◆ Material provided

----------

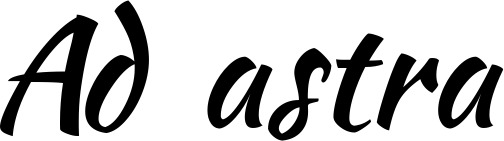 Vorschau des Bootsnamens "Ad astra" als Schriftzug für "Bootsbeschriftung Klassisch 73"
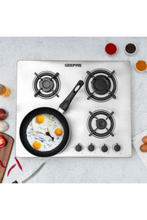 GEEPAS | Stainless Steel 2 in 1 Built-In Gas Hob Burners | GGC31026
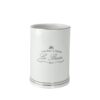 Kassatex ALB-T-W Le Bain Tumbler, White 4 41Lk7bITxJL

----------

Output all the material above exactly once more, leaving every picture out.

 Vorschau des Bootsnamens "Ad astra" als Schriftzug für "Bootsbeschriftung Klassisch 73"
 GEEPAS | Stainless Steel 2 in 1 Built-In Gas Hob Burners | GGC31026
 Kassatex ALB-T-W Le Bain Tumbler, White 4 41Lk7bITxJL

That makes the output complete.